→ Data:

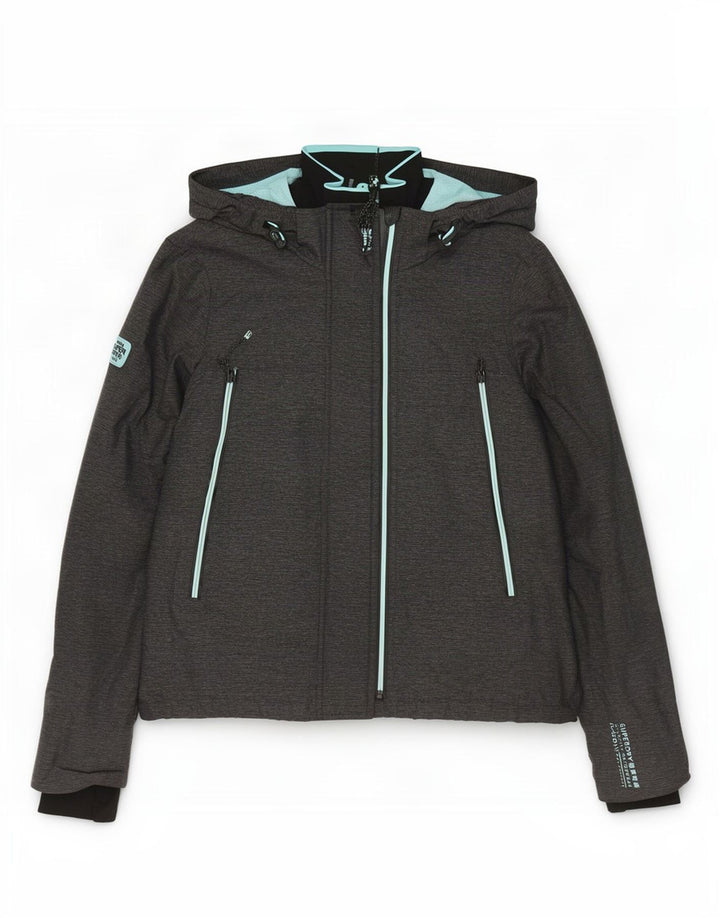 Superdry Womens Hooded Rain Jacket UK 16 Large Grey Nylon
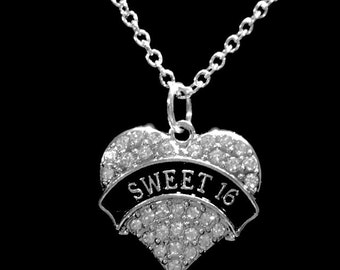 Sweet 16 Necklace, Sweet Sixteen Jewelry, Birthday Gift Daughter Girl Pendant Necklace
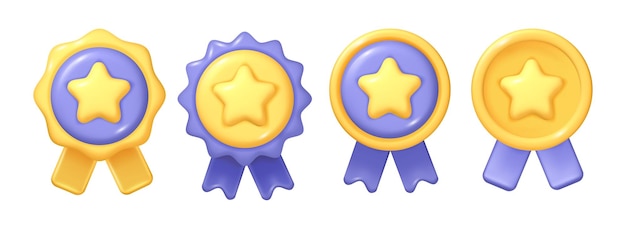 winner medals with ribbons and star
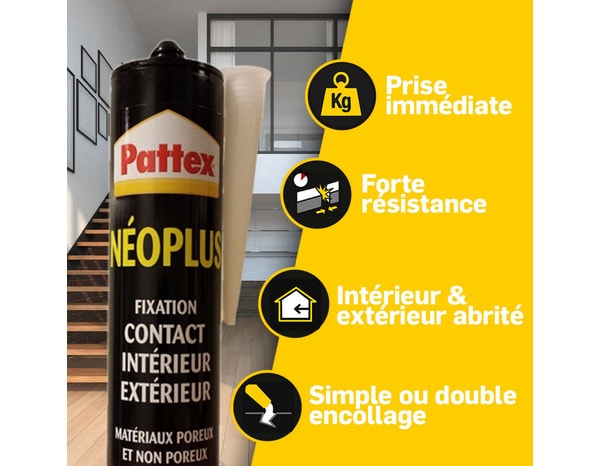 Lot de 3 cartouches, colle de fixation Néoplus type néoprène, tous matériaux, 390 g - Perfax - Brico Dépôt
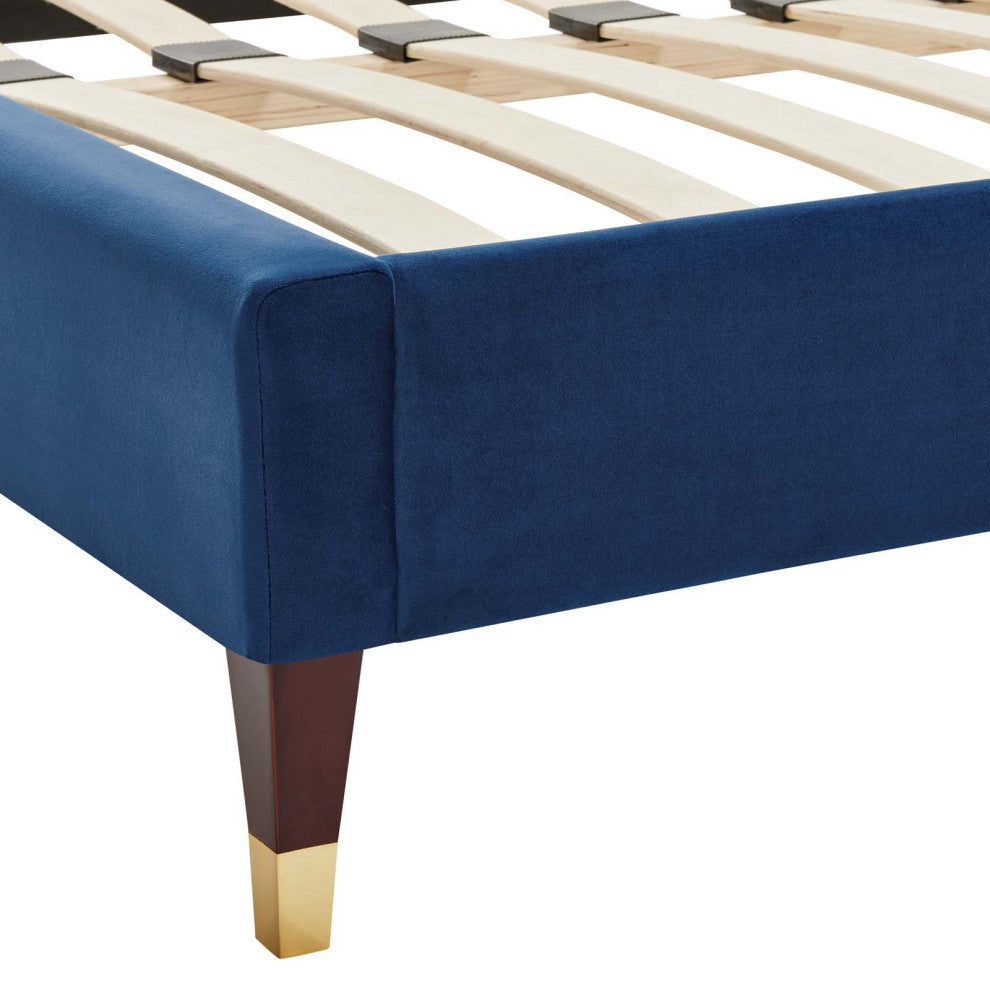 Platform Bed Frame, Queen Size, Blue Navy, Velvet, Modern, Bedroom Guest Suite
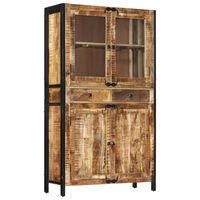 vidaXL Highboard 100x40x175 cm Solid Rough Wood Mango,  vidaXL Highboard 100x40x175 cm Solid Rough Wood Mango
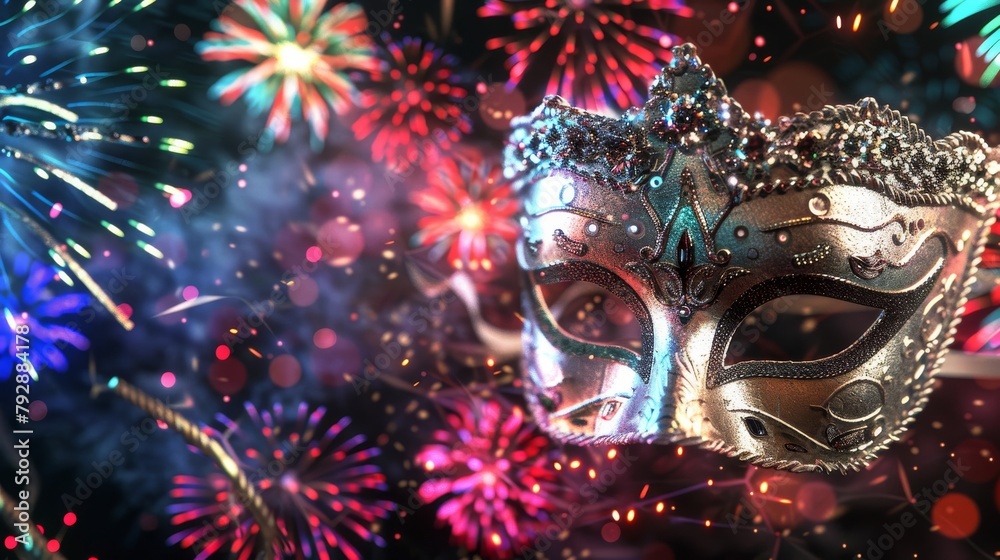 An illustration of a 3D Mardi gras carnival party design with silver masks on fireworks as a background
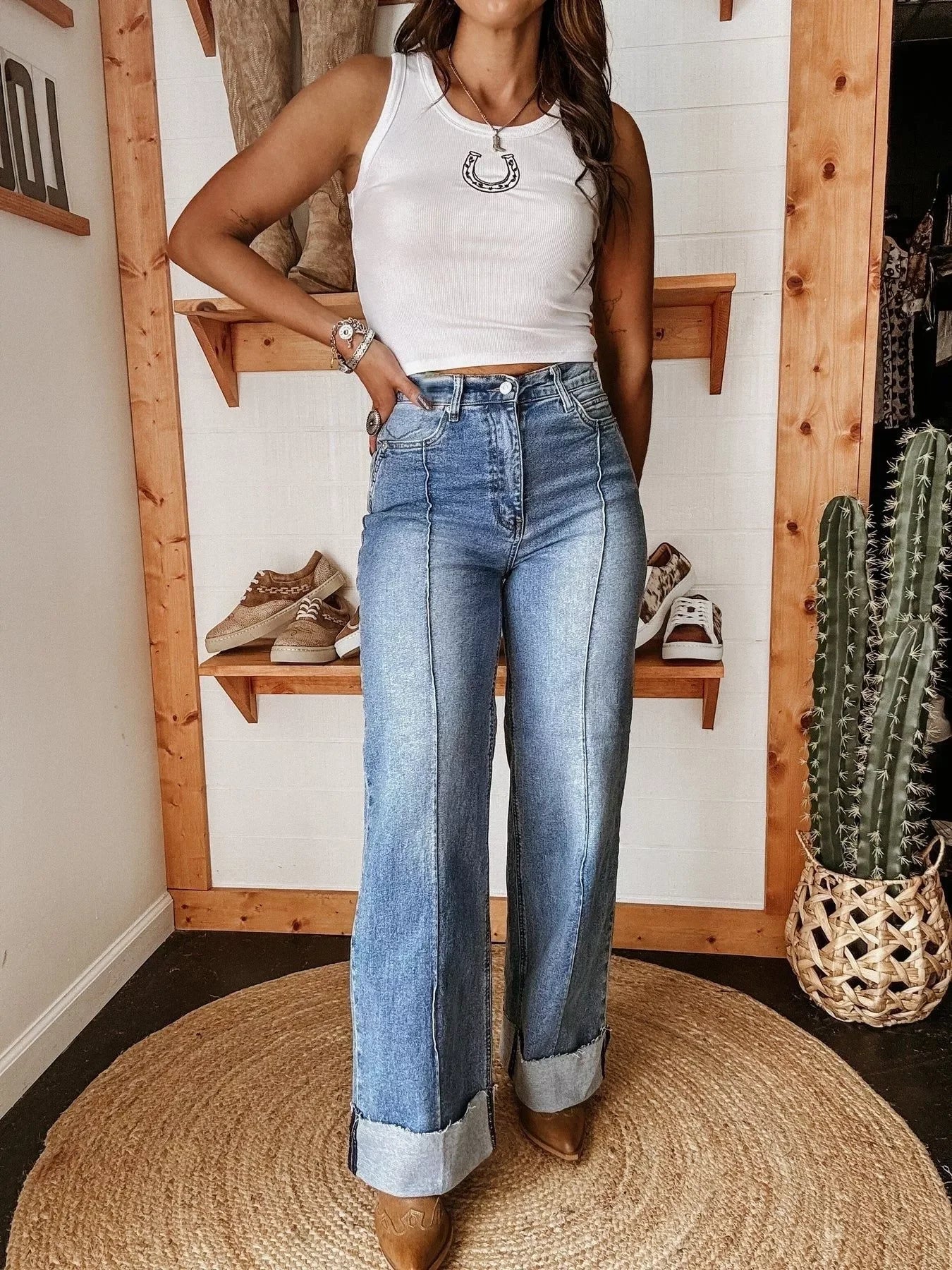 Coastal High Waisted Wide Leg Denim Jeans - Southern Shores Clothing
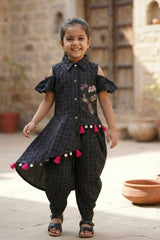 Black Checkered Dhoti Pants Set For Girls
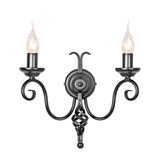 Harlech Dual Light Medieval Wall Sconce in Black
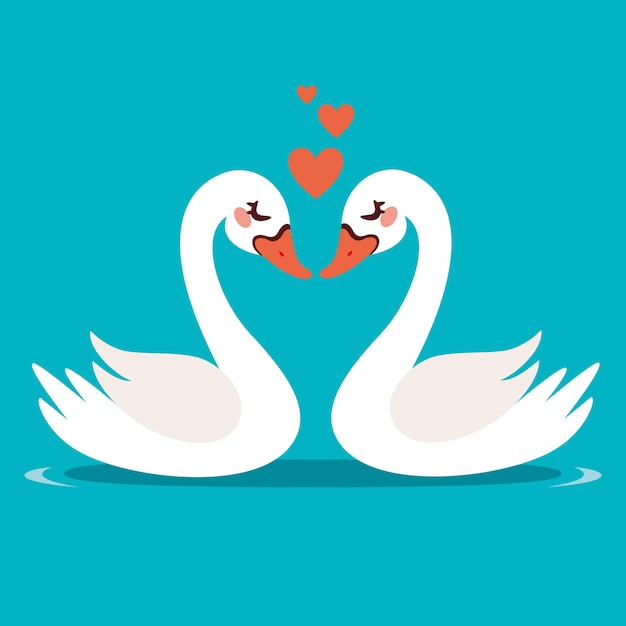 Cartoon Illustration Of  Cute Swans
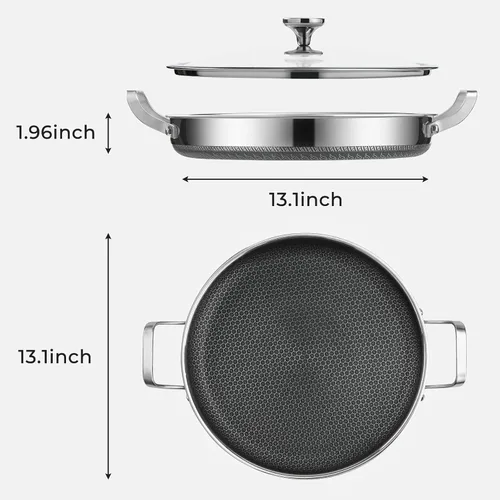 Miniatura 2 de Sartén de acero inoxidable con tapa de cocción, sartenes antiadherentes de 13 pulgadas, sin PFOA, aptas para lavavajillas y horno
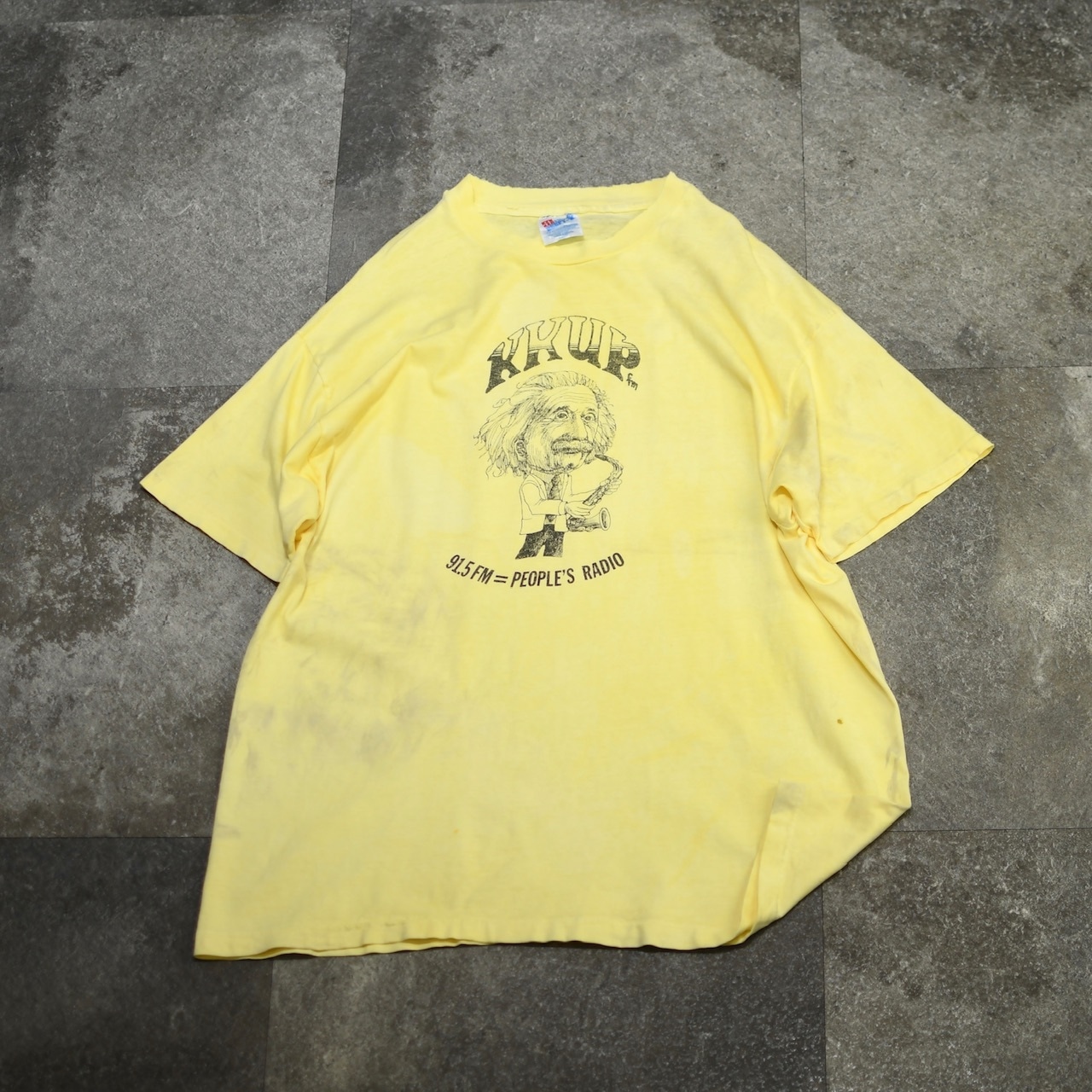 90's KKUP fm Einstein print tee over dye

→ What you should do: With the pictures left out, output exactly the lines that begin at the line containing "Cartoon Illustration Of" and end at the last line of the material.

→ Task response:
 Cartoon Illustration Of  Cute Swans
 Miniatura 2 de Sartén de acero inoxidable con tapa de cocción, sartenes antiadherentes de 13 pulgadas, sin PFOA, aptas para lavavajillas y horno
 90's KKUP fm Einstein print tee over dye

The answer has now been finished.